- Opening Delimiter -

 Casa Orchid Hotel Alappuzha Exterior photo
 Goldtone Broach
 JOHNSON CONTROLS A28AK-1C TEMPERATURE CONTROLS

- Closing Delimiter -

EXERCISE: Only the lines from the one with "Goldtone Broach" through the final line above belong in the answer, each retyped exactly.

SOLVED PROBLEM:
 Goldtone Broach
 JOHNSON CONTROLS A28AK-1C TEMPERATURE CONTROLS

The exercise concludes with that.